Poor babies! I took my mother to shelter that im working as volunteer the other day, she started to cry because it was her first time at a shelter. Our shelters are nothing like yours. All of our shelters are no-kill shelters and they are over-crowded. at some shelters Dogs eat eachother due to starvation. Puppies that born in shelter drowns in their water bowl and some sick minded people rapes and kills them.. It was one of the best shelter in our city, animals were kinda in a "good" shape.. She couldnt believe the smell, cries of the animals, and how many expensive purebred dogs were here.. They think Golden retrievers are so cute or huskies are so cool, even some people thinks german shepherds born "trained k-9" dogs. They buy those breeds and cant handle them when they are older. And throw them into forrests as garbage..

I love some dog breeds but i would never buy one. You cant buy your friends..


----------



## toriisan (Jul 17, 2017)

chickenqueen said:


> My dog,2 chickens and 3 exotic birds are rescues.Oh yeah,my husband was a rescue,too.


I can't help laughing at this one. Is he as affectionate as the rescue animal as well?


----------



## chickenqueen (Jan 9, 2016)

Yes,he's very affectionate but he was a little old and it was very hard to teach him new tricks.


----------



## Myshonok (Jun 28, 2017)

chickenqueen said:


> Yes,he's very affectionate but he was a little old and it was very hard to teach him new tricks.

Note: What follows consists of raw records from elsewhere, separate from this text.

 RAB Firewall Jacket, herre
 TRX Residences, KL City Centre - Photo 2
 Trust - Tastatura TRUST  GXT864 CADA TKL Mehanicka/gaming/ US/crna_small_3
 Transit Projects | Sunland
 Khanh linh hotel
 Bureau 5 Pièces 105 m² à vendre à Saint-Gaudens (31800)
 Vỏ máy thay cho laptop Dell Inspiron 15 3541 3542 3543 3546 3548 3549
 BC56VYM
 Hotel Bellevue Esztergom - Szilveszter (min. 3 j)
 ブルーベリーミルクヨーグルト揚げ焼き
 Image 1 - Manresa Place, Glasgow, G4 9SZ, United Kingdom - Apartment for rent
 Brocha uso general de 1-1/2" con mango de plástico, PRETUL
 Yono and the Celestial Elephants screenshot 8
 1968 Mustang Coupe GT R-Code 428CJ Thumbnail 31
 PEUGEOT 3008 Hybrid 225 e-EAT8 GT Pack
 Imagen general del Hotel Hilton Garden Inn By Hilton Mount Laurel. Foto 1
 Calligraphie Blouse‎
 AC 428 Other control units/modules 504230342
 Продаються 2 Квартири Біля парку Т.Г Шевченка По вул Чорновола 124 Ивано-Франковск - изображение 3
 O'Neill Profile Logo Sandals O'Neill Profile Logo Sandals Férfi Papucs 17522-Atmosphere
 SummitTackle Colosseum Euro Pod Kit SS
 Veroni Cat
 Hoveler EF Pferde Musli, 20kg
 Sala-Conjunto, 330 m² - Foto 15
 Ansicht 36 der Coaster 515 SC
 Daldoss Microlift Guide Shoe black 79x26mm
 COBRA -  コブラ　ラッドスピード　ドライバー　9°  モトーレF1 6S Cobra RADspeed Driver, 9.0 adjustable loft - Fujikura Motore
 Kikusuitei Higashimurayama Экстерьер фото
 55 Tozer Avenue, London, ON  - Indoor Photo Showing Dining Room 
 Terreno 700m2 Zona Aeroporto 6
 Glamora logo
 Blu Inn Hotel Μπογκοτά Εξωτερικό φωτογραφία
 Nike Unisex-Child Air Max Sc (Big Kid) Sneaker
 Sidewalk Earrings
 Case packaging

You know what they say "you cant teach an old dog new tricks!" im so glad you were able to do it! My father is not old but still he's hard to train..


----------



## Myshonok (Jun 28, 2017)

Good god i cant stop laughing! My father came for a visit, everytime he comes, he cooks sometihng, and he's really good at it. But he is also type of person who feeds the dogs under the table "secretly". 
So of course our pets always love to see him. 
He was sittin on the bed, eating an apple. I turned around to see this. I had a very short time to take a photo of it so the quality is terrible but they look so lovely. (they didnt get any apples, they both dont like and dont eat green apples, they are just being greedy )


----------



## chickenqueen (Jan 9, 2016)

That picture is priceless!!!


----------



## robin416 (Sep 8, 2013)

Ever notice that you can't make a move without at least one of them knowing if it might involve food?


----------



## Myshonok (Jun 28, 2017)

robin416 said:


> Ever notice that you can't make a move without at least one of them knowing if it might involve food?


Oh its impossible! The rooster already follows me around like a duckling. I have to crop his feet feathers because i keep stepping on them if he s following me around. Even he stepts on his own feathers and fall down. 
And he kinda makes me regret to teach him jumping to catch food in the air because you cant left any kind of house plant or food where he can reach. 
Cats doesnt have much interest in food its potato chips. 
And the dog is more polite but no better than her feathered brother  they litetally come running if they hear a plastic bag. And the rooster is ready to rip any kid of food from her mouth forcefully.. 
Real sunshines, huh? )


----------



## Wilbur's Mom (Aug 10, 2017)

toriisan said:


> I can't help laughing at this one. Is he as affectionate as the rescue animal as well?


That is hysterical . We have 2 red eared slider turtles inside, 5 hens and a micro mini pig and 20+ plants in the house. Yes I talk to each of them! Some plants I have had 20 years


----------



## robin416 (Sep 8, 2013)

WM, you sound like me with my Orchids. Most of our inhouse beasts are ancient, the only ones not showing it are the two cats.


----------



## chickenqueen (Jan 9, 2016)

I thought I was bad.I have 2 hens and a rooster that come in and hang out and get special treats.That's in addition to the 4 exotic birds and dog.I had red eared sliders for years,then turned them loose in my pond.One is now the size of a dinner plate.He watches me and the geese swim from a distance.I also pick them up off the road if I spot one and take 'em to my pond.The local fish hatchery sells them for $25 but I didn't see them in this years catalog.I often wondered if any that I found were runaways that someone paid for.


----------